No eran los mencionados los únicos baños ni estos se ubicaban únicamente en el Vedado. Se hallaban aquí también los baños de El Océano. Los había asimismo en Cojímar, y en la muy habanera calle de San Lázaro eran famosos y muy
frecuentados los de San Rafael o de Romaguera, frente a la calle Crespo, el de Los Soldados, en Blanco, y los de La Madama, muy pequeños y sucios, frente a Gervasio. Sobresalían, entre ellos, los baños de los Campos Elíseos, frente a la calle Cárcel. Todos fueron desapareciendo a medida que el Malecón avanzaba hacia el oeste.

A fines del siglo XIX y comienzos del XX era de buen tono pasear por la calle Baños, una vía alegre que conducía a la glorieta de los baños de El Progreso. Era el paseo de moda, dice la Loynaz, y añade: «Al llegar allí las familias forman grupos, y las que no proceden a tomar el saludable baño matutino se sientan en las cómodas mecedoras de la terraza a conversar y a contemplar el espectáculo del mar que no fatiga nunca, o discurren a lo largo de la ribera donde el paisaje es hermosísimo, sobre todo a la caída de la tarde». Hay bailes, carreras de cintas y juegos de prenda. Y regatas de balandros. Damas y caballeros vestidos con atuendos especiales para la ocasión, encaminados siempre los de ellas a defender el nacarado cutis de los rigores del sol, y los de ellos, a darles aire de viejos y consumados lobos de mar.

El agua salada y las brisas marinas abren el apetito. Una buena merienda se asegura en el cercano hotel Trotcha, cuyos jardines adornados con fuentes y grutas artificiales proporcionan frescura y un buen descanso.

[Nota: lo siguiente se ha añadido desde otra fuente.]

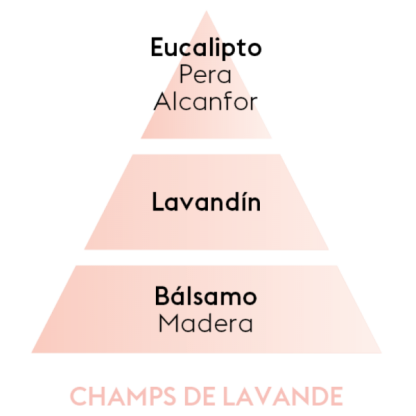 Fragrância 500ml Champs de Lavande / Lavanda: lâmpada catalítica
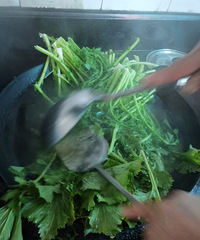 �������ġ�����ɹ�Ĳ˸ɣ�÷�ɲˣ��ϻƹϻƸ𣬳��˸�������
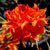Азалія листопадна Гібралтар (Azalea Giblartar) 1109 фото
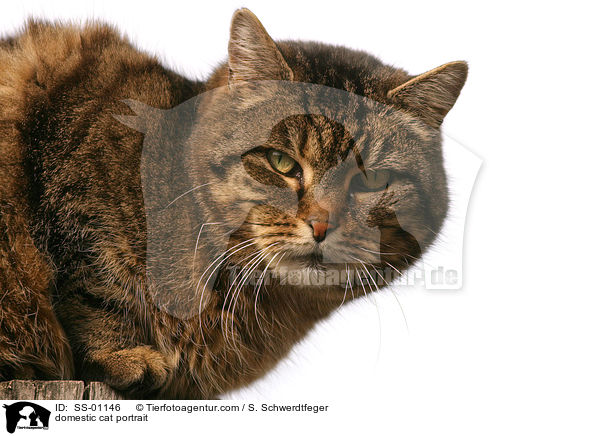 Hauskatze Portrait / domestic cat portrait / SS-01146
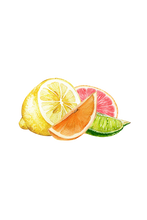 Load image into Gallery viewer, Floor Cleaner Concentrate | Lemon, Lime, Orange &amp; Grapefruit
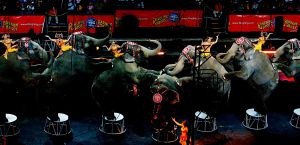 Heavenly show from China  – the most amazing circus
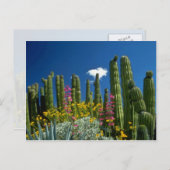 ピンク色の多くの植物、ソノラン砂漠、アリゾナの花 ポストカード (正面/裏面)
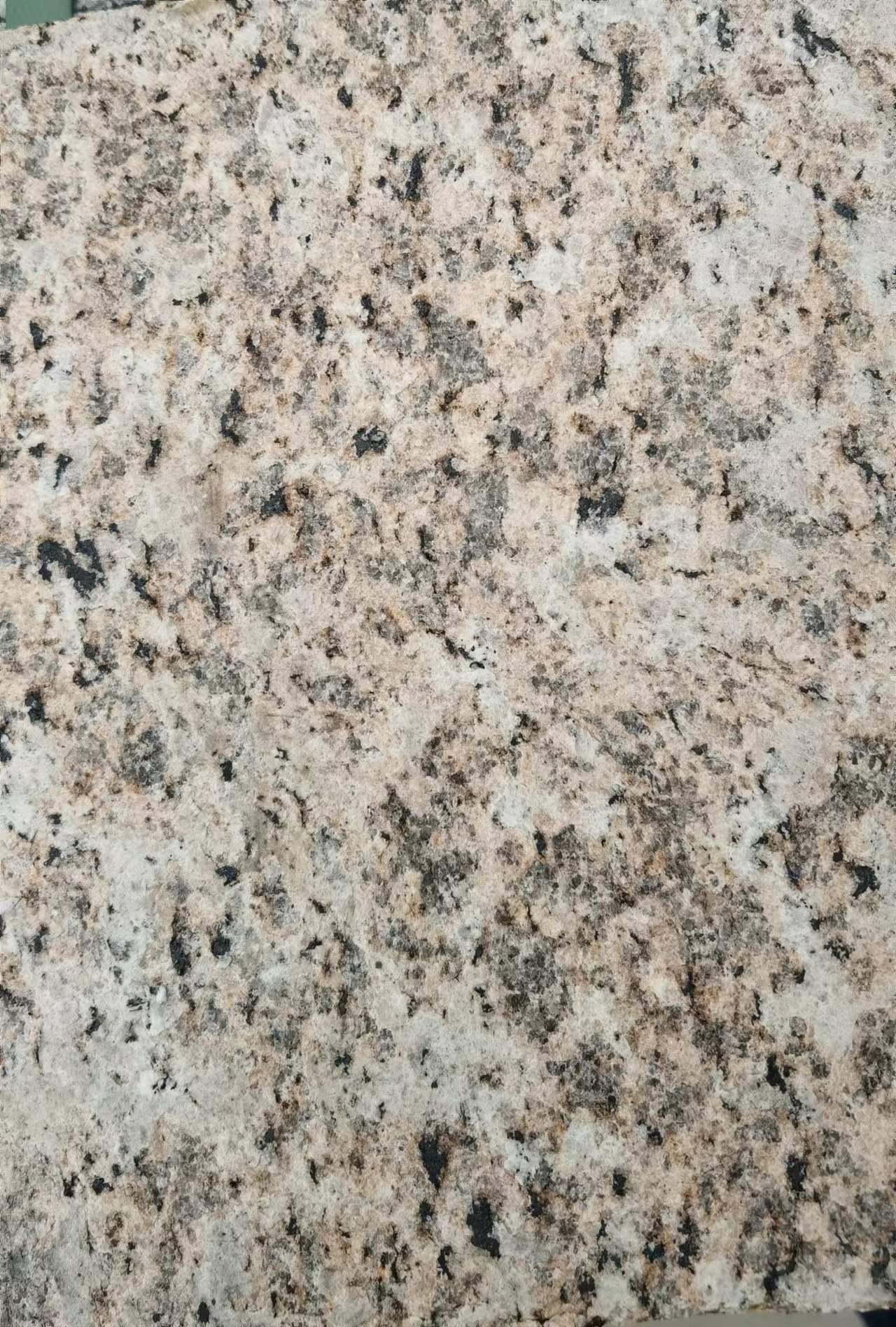 虎皮黃供應(yīng)商 虎皮黃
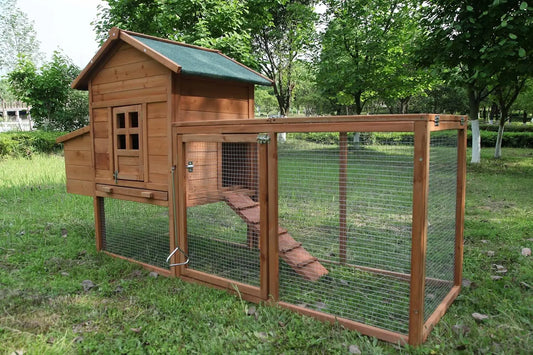 Wooden Outdoor Chicken Coop For Two To Four Chickens With Ramp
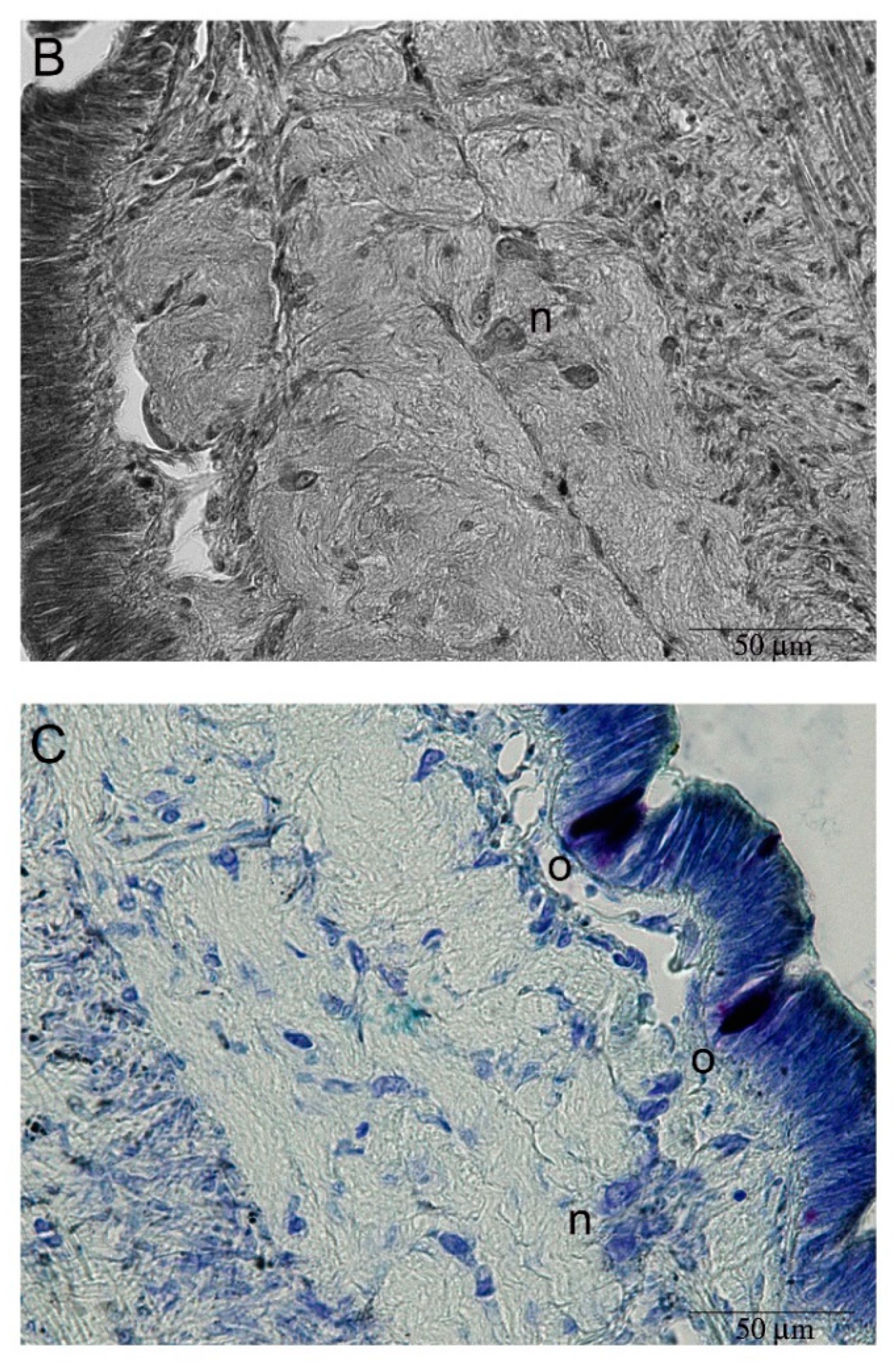 Ijms 22 05023 g003b Ijms 22 05023 g003b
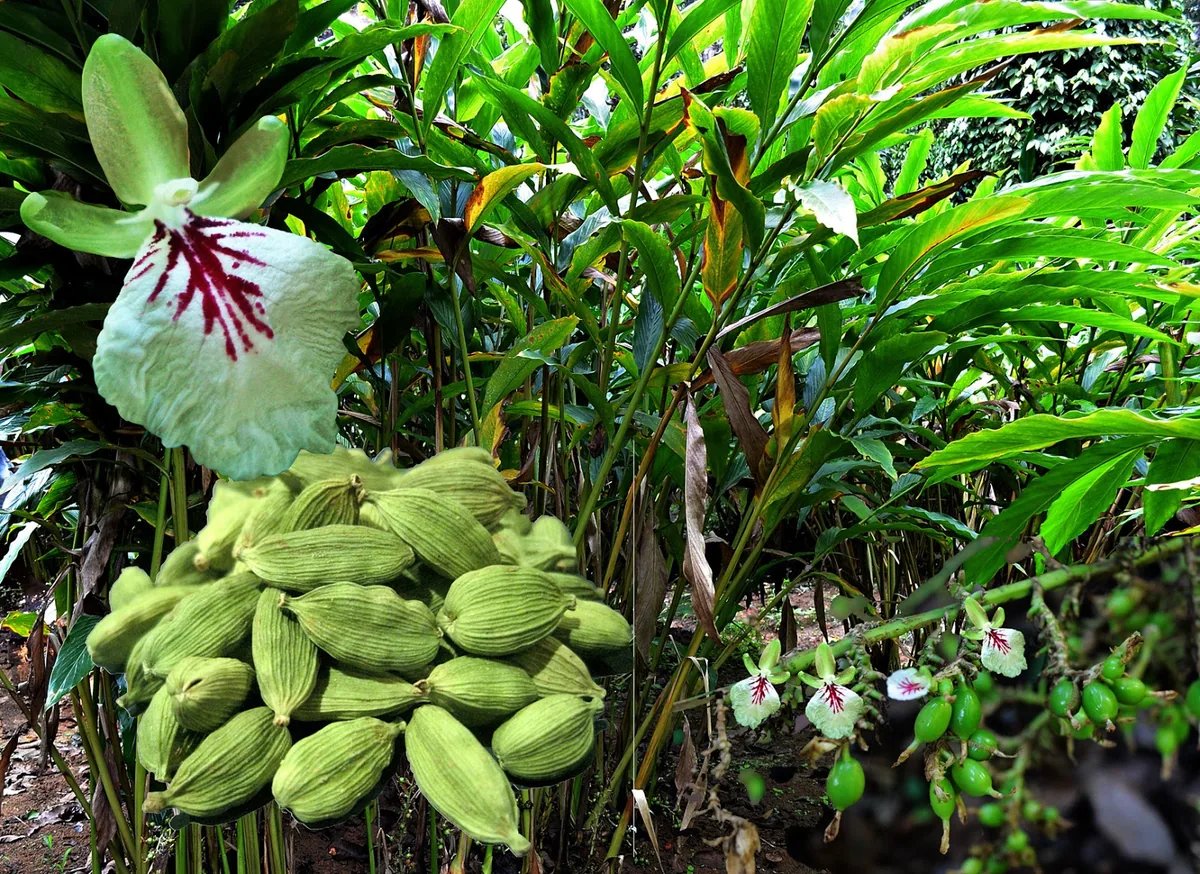 Cardamom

Más allá, el restaurante Arana —situado en el área que ocupa el restaurante 1830— ofrece un espectacular arroz con pollo en la chorrera, por el lugar donde se elabora, en la desembocadura del río Almendares; arroz con pollo en la chorrera y no a la chorrera, como se dice equivocadamente. En el hotel Chaix —no ha podido el escribidor precisar su ubicación— se disfruta de la música que sale de un fonógrafo de a los de diez centavos la tanda.

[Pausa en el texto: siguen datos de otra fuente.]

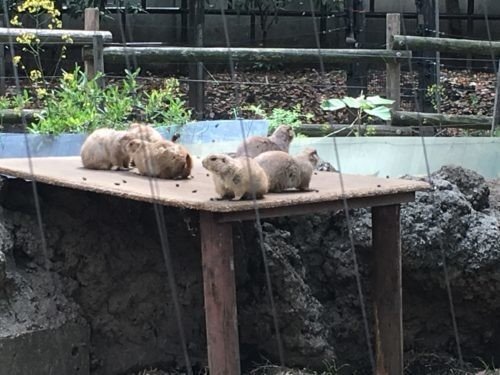 Mogumogu食べ歩きくま 聖地巡礼 上野動物園 あんみつ アメ横 のたまり雑誌 Note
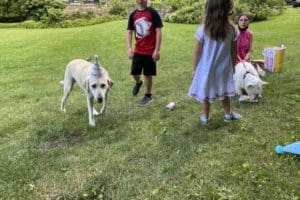 dog birthday party july 2020 nellie and her guests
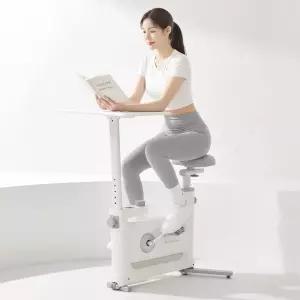 이고진 실내자전거 헬스사이클 데스크 바이크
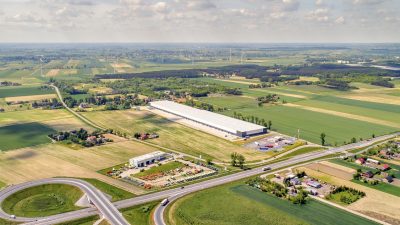 Właściciel Bambino w Hillwood Kutno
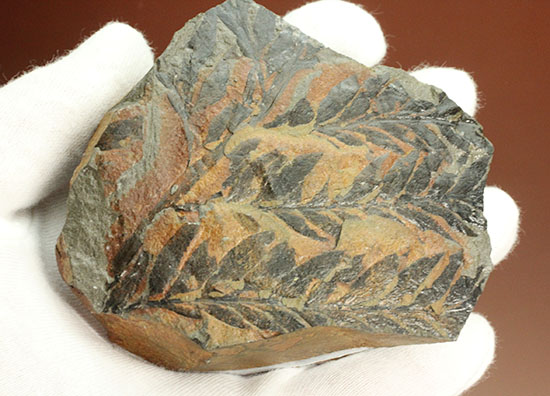 徳島県勝浦郡産。鮮明なシダ模様が見られる、白亜紀植物化石クラドフレビス(その9)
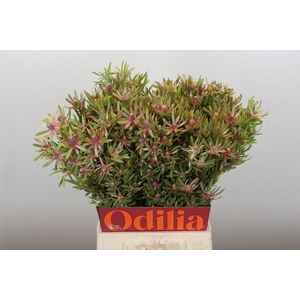 LEUCAD AYOBA ST PEAR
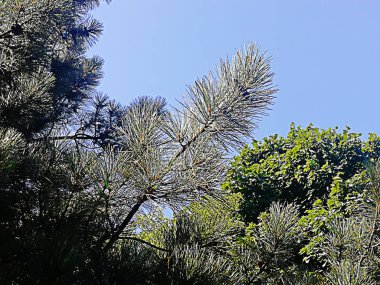 mavi gökyüzü altında bir köknar ağacının dalı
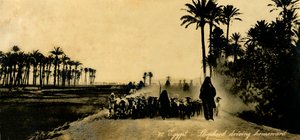 Egypt - Shepherd kjører hjemover, c1918-c1939. av Unbekannt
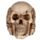 Set of 3 Small See No, Hear No, Speak No Evil Skulls
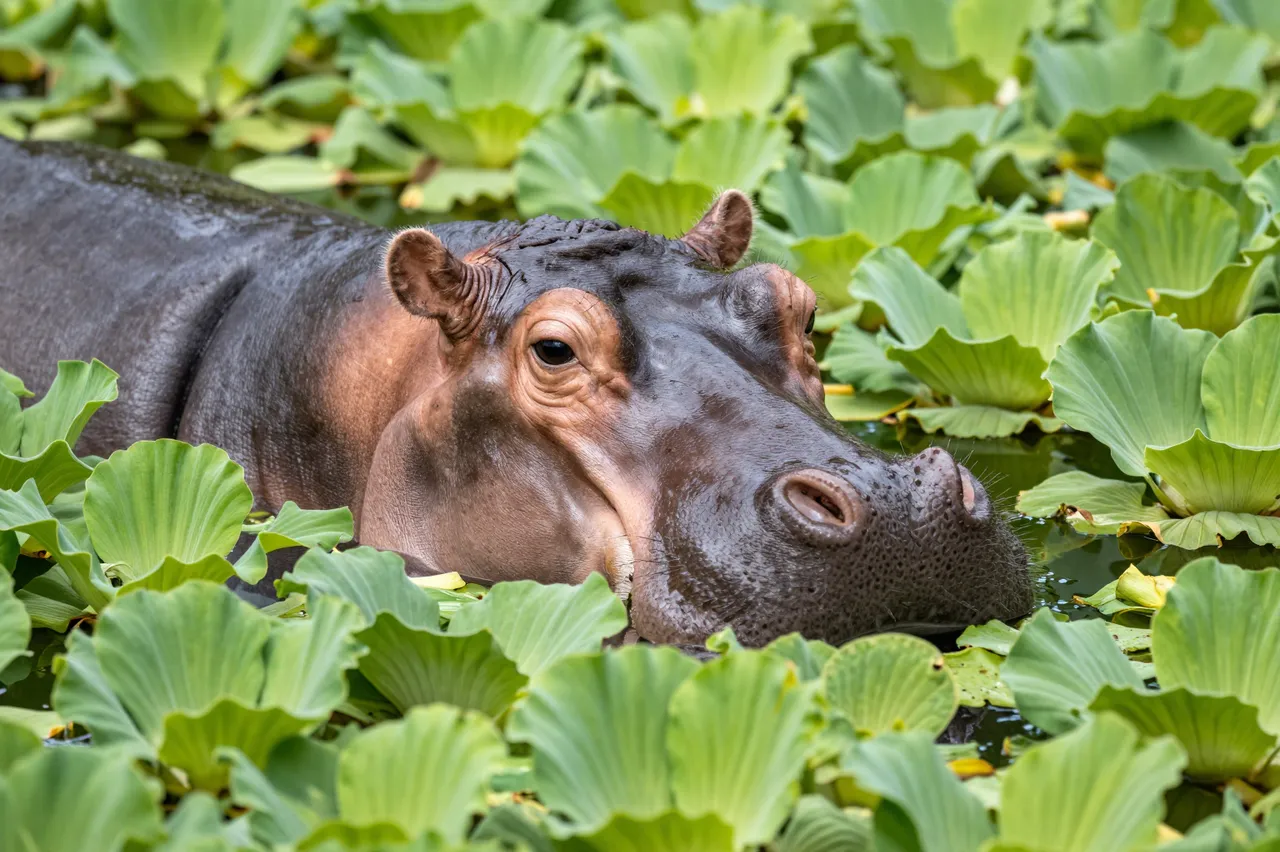 A hippopotamus floats among dense bright green water lettuce in a shallow lagoon, with its head and upper back visible above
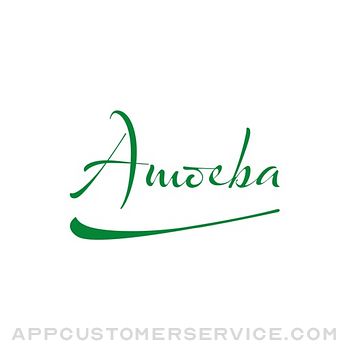 Amoeba 28 Customer Service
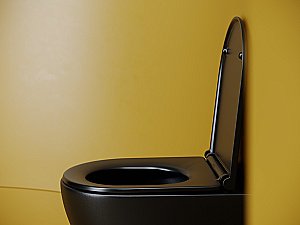 Унитаз подвесной Ceramica Nova Vogue CN4008TMB черный матовый, с крышкой микролифт, безободковый, слив-торнадо купить в интернет-магазине Sanbest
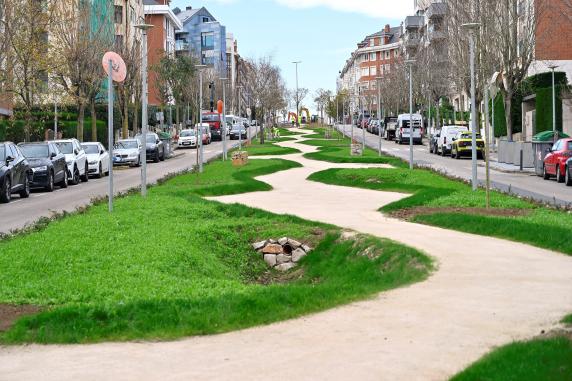 noticias/imagen-asociada/2025/11/visita_proyecto_naturalizacion_doctor_diego_madrazo_2.jpg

La temporada de baños se hacía animadísima con los recibos elegantes que se programaban en algunas casas de la zona. En ellos se dan cita las figuras más conspicuas de la sociedad habanera de entonces, cuyos nombres eran precedidos por el adjetivo consagrador de Enrique Fontanills, maestro de la crónica social. Nombres que hablan hoy de fragancias pretéritas, de un refinamiento fenecido, de una gracia que pasó.